Brasil Gitar Duo. Napisany przez twórczynię o międzynarodowej renomie Clarice Assad (zamieszkałą w Nowym Jorku brazylijską kompozytorkę, wokalistkę i pianistkę błyskotliwie łączącą muzykę klasyczną, jazzową i etniczną). Koncert na dwie gitary i orkiestrę zawierający liczne pierwiastki narodowe. Ciekawe spojrzenie kompozytorki z innego kontynentu na naszą polską muzykę. Skoczna ostatnia część koncertu była mocno rozpoznawalna z muzyką polską. Artystyczne wydarzenie publiczność nagrodziła gorącymi oklaskami.
Na finał wpleciono muzykę Wojciecha Kilara.

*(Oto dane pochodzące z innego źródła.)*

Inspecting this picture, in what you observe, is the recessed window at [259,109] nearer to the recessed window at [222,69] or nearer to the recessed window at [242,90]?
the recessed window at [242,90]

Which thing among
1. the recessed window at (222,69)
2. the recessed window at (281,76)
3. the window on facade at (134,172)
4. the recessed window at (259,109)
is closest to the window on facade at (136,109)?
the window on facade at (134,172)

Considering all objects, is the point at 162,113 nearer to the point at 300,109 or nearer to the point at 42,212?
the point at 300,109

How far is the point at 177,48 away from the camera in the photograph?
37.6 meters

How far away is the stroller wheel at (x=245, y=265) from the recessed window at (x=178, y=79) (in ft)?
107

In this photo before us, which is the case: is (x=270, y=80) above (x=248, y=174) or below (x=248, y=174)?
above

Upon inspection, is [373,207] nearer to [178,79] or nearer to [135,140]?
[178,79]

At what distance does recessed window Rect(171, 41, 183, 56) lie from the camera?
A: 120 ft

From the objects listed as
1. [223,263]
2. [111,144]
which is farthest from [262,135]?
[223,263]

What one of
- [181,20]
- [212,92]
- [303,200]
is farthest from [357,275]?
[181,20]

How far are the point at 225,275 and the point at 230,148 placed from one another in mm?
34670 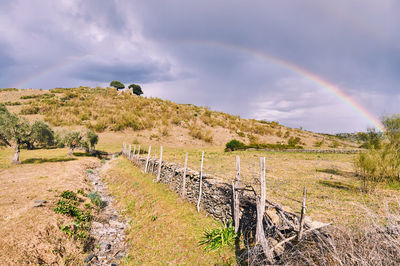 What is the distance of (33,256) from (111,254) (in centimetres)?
273

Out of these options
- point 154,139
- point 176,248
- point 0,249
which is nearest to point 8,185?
point 0,249

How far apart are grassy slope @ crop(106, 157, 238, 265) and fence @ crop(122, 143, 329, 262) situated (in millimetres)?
727

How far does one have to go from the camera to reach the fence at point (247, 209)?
490 cm

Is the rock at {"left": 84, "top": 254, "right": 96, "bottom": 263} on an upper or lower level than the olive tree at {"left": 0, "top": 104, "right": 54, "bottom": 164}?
lower

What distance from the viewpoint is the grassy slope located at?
6.92 meters

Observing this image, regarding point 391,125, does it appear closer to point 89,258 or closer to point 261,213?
point 261,213

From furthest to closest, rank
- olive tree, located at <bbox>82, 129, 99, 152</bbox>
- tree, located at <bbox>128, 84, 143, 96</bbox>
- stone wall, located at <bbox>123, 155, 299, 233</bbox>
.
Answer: tree, located at <bbox>128, 84, 143, 96</bbox>
olive tree, located at <bbox>82, 129, 99, 152</bbox>
stone wall, located at <bbox>123, 155, 299, 233</bbox>

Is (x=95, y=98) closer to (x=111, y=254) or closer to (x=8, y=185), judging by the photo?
(x=8, y=185)

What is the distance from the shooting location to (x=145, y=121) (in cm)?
4697

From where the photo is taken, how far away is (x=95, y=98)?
6431cm

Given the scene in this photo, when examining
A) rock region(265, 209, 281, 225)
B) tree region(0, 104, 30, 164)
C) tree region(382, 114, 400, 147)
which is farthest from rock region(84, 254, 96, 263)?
tree region(382, 114, 400, 147)

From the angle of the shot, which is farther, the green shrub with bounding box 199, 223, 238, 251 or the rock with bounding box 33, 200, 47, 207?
the rock with bounding box 33, 200, 47, 207

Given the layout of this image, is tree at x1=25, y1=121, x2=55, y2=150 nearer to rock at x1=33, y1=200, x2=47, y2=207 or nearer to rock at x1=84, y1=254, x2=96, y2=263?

Setna rocznica odzyskania niepodległości przez Rzeczpospolitą Polską był doskonała okazją aby orkiestra wykonała prawdziwy szlagier, który był sensacja podczas Warszawskiej Jesieni w 1974 roku. Mowa oczywiście o Orawie. Dodam, że orkiestra AUKSO pod batutą Marka Mosia najlepiej wykonała to dzieło W. Kilara.
Po takiej dawce energii nie mogliśmy, ot tak pozwolić, aby koncert zakończono. Brawa i bis oraz błyskotliwy dialog dyrygenta zakończył ten koncertowy dzień.
Jeszcze chwila na wymianę zdań, zdjęcia i niestety czas wracać do domu. Mimo długiej drogi i wielu godzin podróży wracałem mocno uduchowiony.
Podziękowania dla organizatorów Śląskiej Jesieni Gitarowej i NOSPRu w Katowicach.
Wracając na dworzec kolejowy w Katowicach nie sposób przejść obok pianina w kolorze białym Oczywiście kilka taktów zagrałem. Będąc chwilę jeszcze słyszałem muzykę Chopina, Lennona …
Coś niebywałego, że tylu grających podróżnych zostawia tutaj swoją muzykę, a i słuchających zawsze był mały tłumek.